(Pictures with short captions)
● ● ● ● ● ● ●

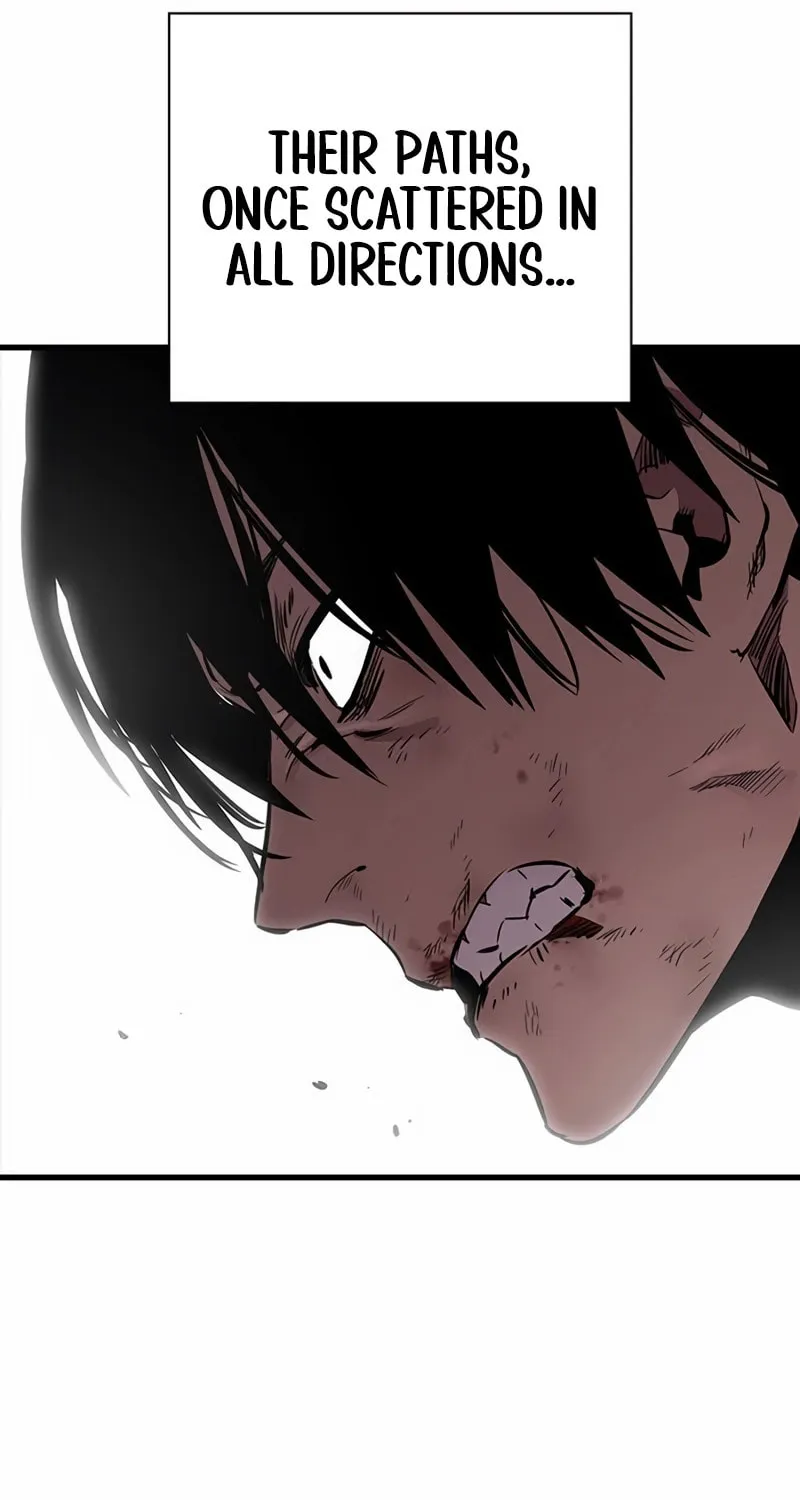 Read The Great War chapter 42 image 120 on Lezhin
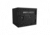 Sports Afield SA-ES01 Home and Office Fire Gun Safe, Black, 12in x 15in x 12in, SA-ES01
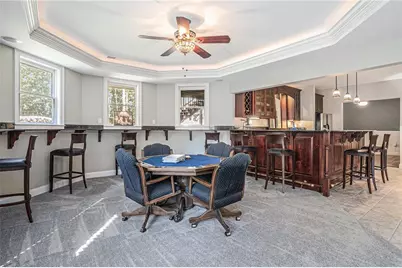 2376 Tabbystone Lane NW, Marietta, GA 30064 - Photo 31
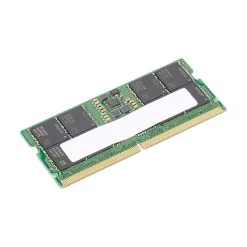 Outlet Lenovo ThinkPad 16GB DDR5 SoDIMM Memory (4X71K20069)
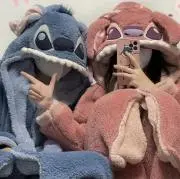 まいの画像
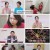 위기의 주부들.E02.241110.1080p.H264-F1RST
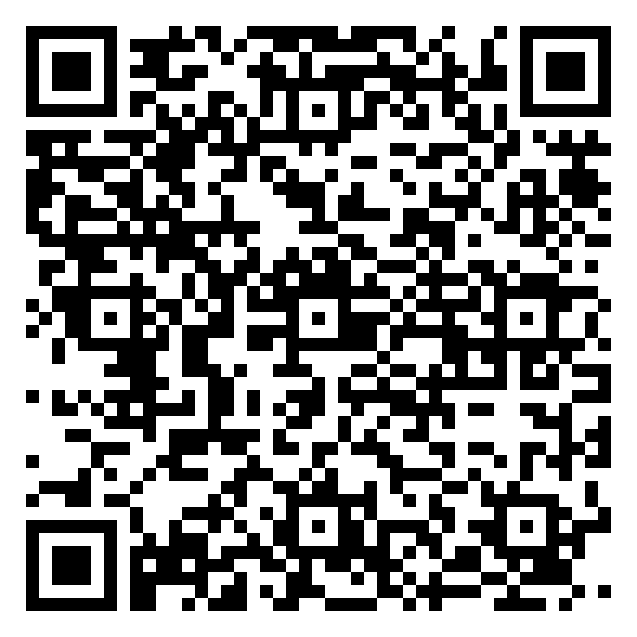 kod QR z danymi kontaktowymi 52414559500000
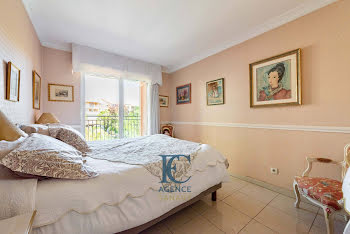 appartement à Sanary-sur-Mer (83)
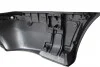 Бампер (задний) BMW 5 (E39) 98-03 (M-Performance) AUTOTECHTEILE 702 5164 (фото 14)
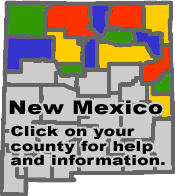 census-counties-175.gif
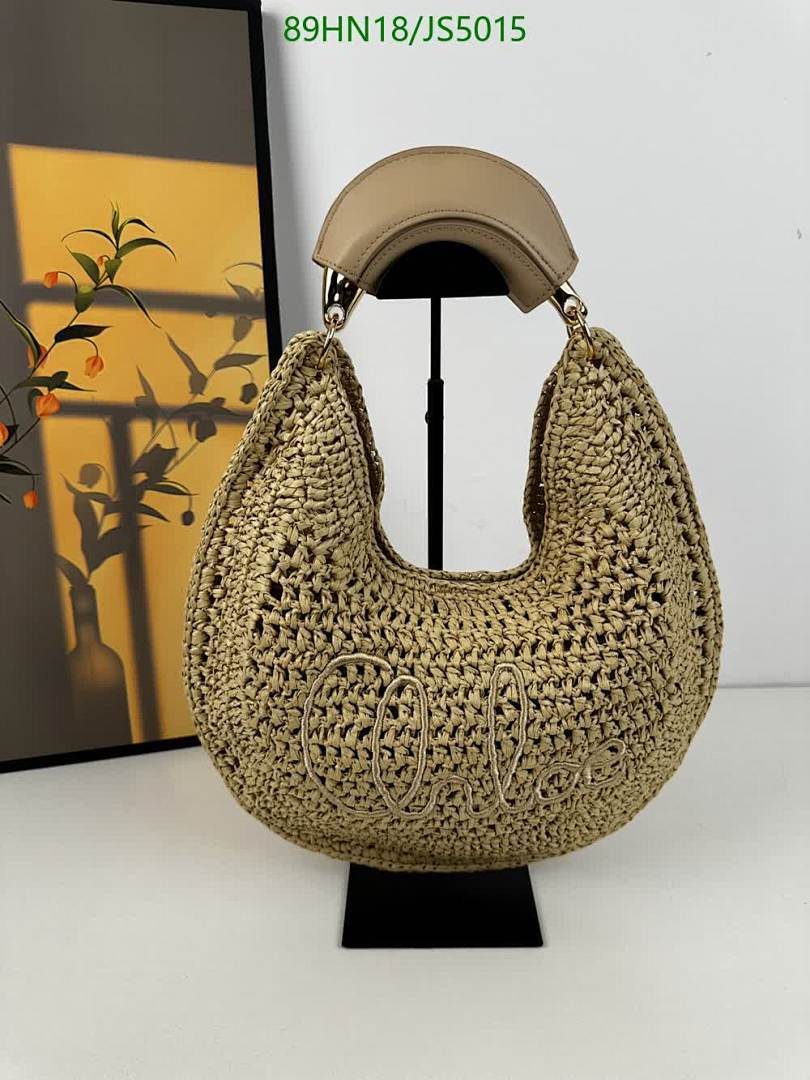 Chloe-Bag-4A Quality Code: JS5015 $: 89USD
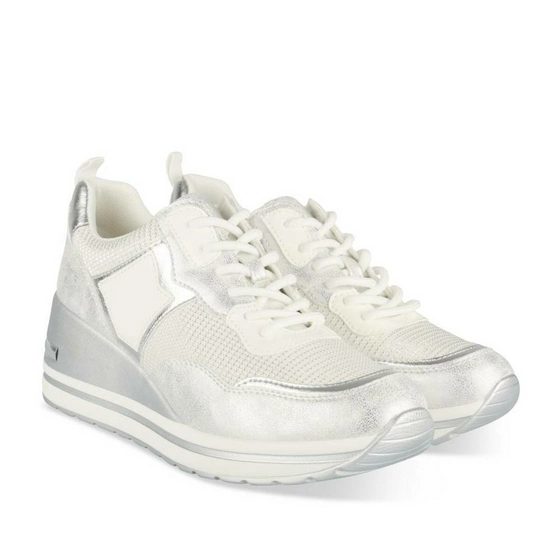 Sneakers SILVER PHILOV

● ● ● ● ● ● ●

TRY IT:
Give back exactly the lines from the line with "Бампер (задний) BMW" through the end of the records, both included; keep all pictures out.

RESPONSE FOR THIS EXERCISE:
 Бампер (задний) BMW 5 (E39) 98-03 (M-Performance) AUTOTECHTEILE 702 5164 (фото 14)
 census-counties-175.gif
 Chloe-Bag-4A Quality Code: JS5015 $: 89USD
 Sneakers SILVER PHILOV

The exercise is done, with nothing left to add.